I'm trying to use one of scikit-learn's supervised learning methods to classify pieces of text into one or more categories. The predict function of all the algorithms I tried just returns one match.
For example I have a piece of text:
"Theaters in New York compared to those in London"
And I have trained the algorithm to pick a place for every text snippet I feed it.
In the above example I would want it to return New York
and London
, but it only returns New York
.
Is it possible to use scikit-learn to return multiple results? Or even return the label with the next highest probability?
Thanks for your help.
---Update
I tried using OneVsRestClassifier
but I still only get one option back per piece of text.
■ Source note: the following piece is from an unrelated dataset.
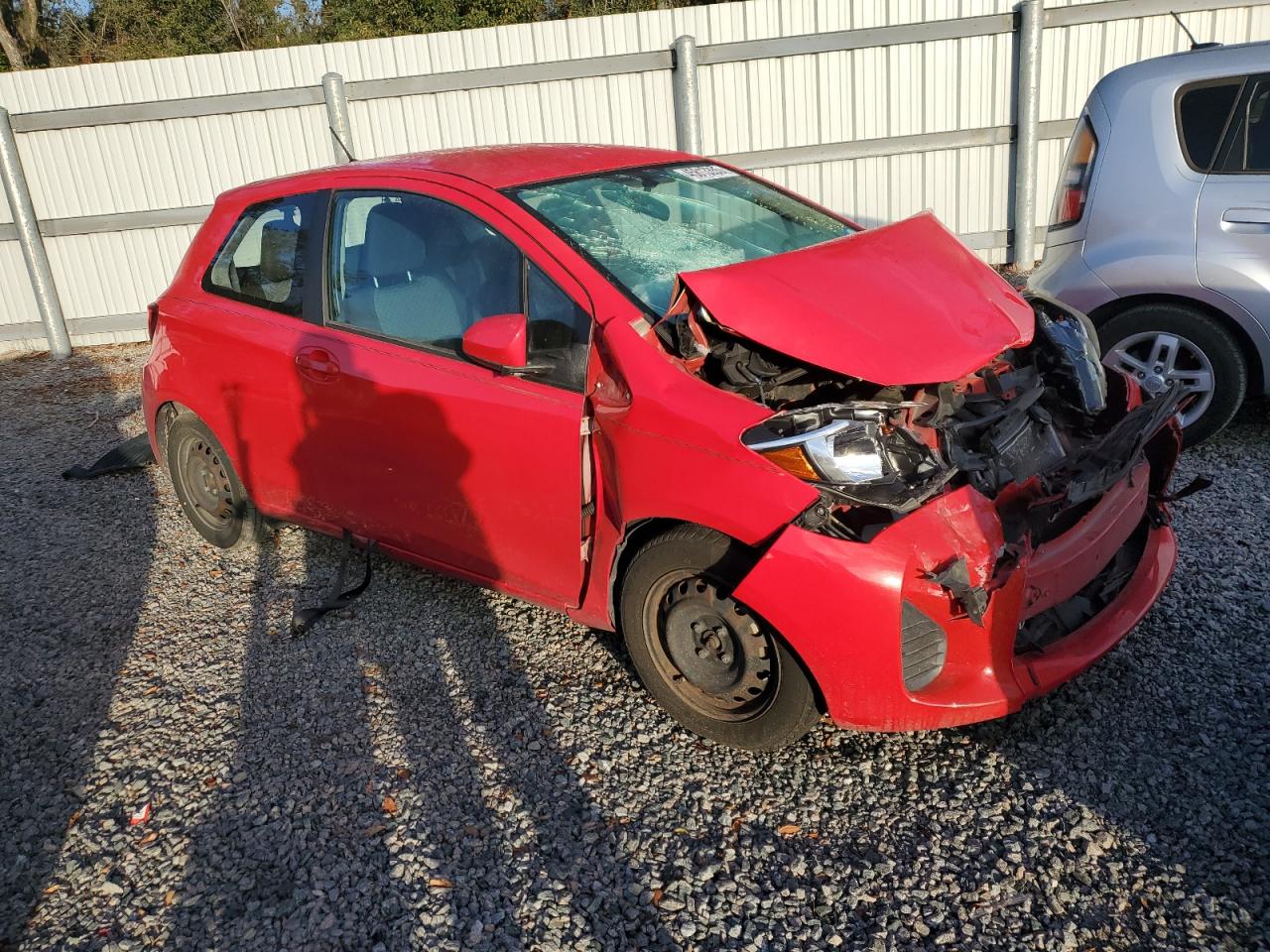 2015 Toyota Yaris - Image 4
Below is the sample code I am using
y_train = ('New York','London')
train_set = ("new york nyc big apple", "london uk great britain")
vocab = {'new york' :0,'nyc':1,'big apple':2,'london' : 3, 'uk': 4, 'great britain' : 5}
count = CountVectorizer(analyzer=WordNGramAnalyzer(min_n=1, max_n=2),vocabulary=vocab)
test_set = ('nice day in nyc','london town','hello welcome to the big apple. enjoy it here and london too')
X_vectorized = count.transform(train_set).todense()
smatrix2 = count.transform(test_set).todense()
base_clf = MultinomialNB(alpha=1)
clf = OneVsRestClassifier(base_clf).fit(X_vectorized, y_train)
Y_pred = clf.predict(smatrix2)
print Y_pred
Result: ['New York' 'London' 'London']